Biélorussie : cinq minutes pour comprendre les manifestations contre Loukachenko

Au pouvoir depuis 1994 et réélu ce dimanche lors d’un scrutin très contesté, Alexandre Loukachenko fait face à une révolte historique depuis deux jours.

 Protestations à Minsk, en Biélorussie, après l’annonce des résultats des élections.
Protestations à Minsk, en Biélorussie, après l’annonce des résultats des élections. AFP/Sergei Gapon

    Manifestations, répression, arrestations… La Biélorussie est secouée par un mouvement de protestation sans précédent depuis dimanche et la réélection, dans des conditions très contestées, du président au pouvoir depuis 26 ans, Alexandre Loukachenko. On fait le point.

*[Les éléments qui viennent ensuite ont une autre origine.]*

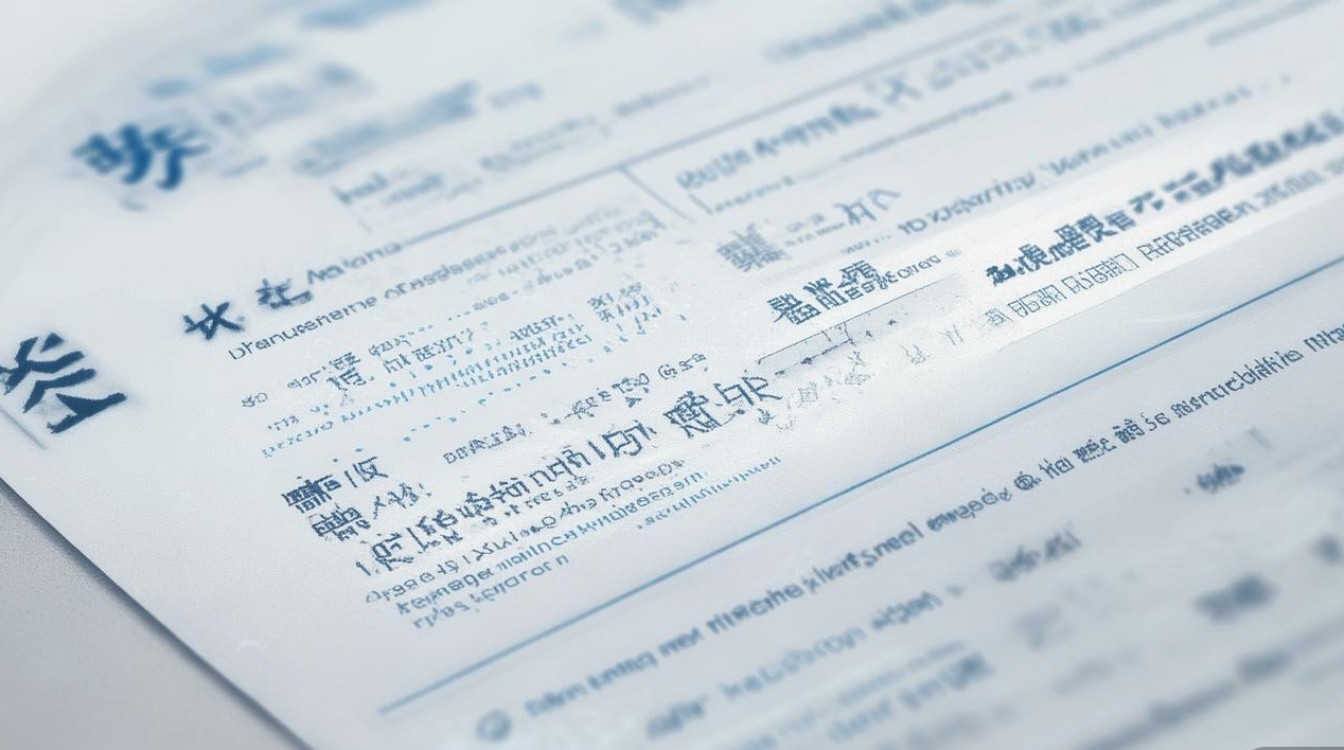 护理专科学校排名湖北，附湖北专科护理专业学校排名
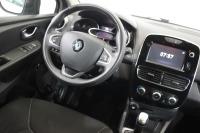 Renault Clio 1.5dCi Energy Limited 66kW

    Qui est Alexandre Loukachenko ?

    Le président biélorusse est un cas unique en Europe. Âgé de 65 ans et au pouvoir depuis 1994, il est considéré comme « le dernier dictateur d'Europe ».

    « Il est arrivé au pouvoir trois ans après la chute de l'URSS, quatre ans après l'indépendance de la Biélorussie, dans un contexte de catastrophe économique et désarroi, explique Anna Zadora, docteure en science politique. Le candidat Loukachenko a promis de restaurer la stabilité et cela a marché à l'époque. »

    Aujourd'hui, l'histoire est toutefois différente. Selon la politologue, la figure de ce président représente aux yeux d'une partie de la population un « passé trop dépassé, complètement déconnecté de la réalité actuelle et qui ne symbolise pas l'avenir ».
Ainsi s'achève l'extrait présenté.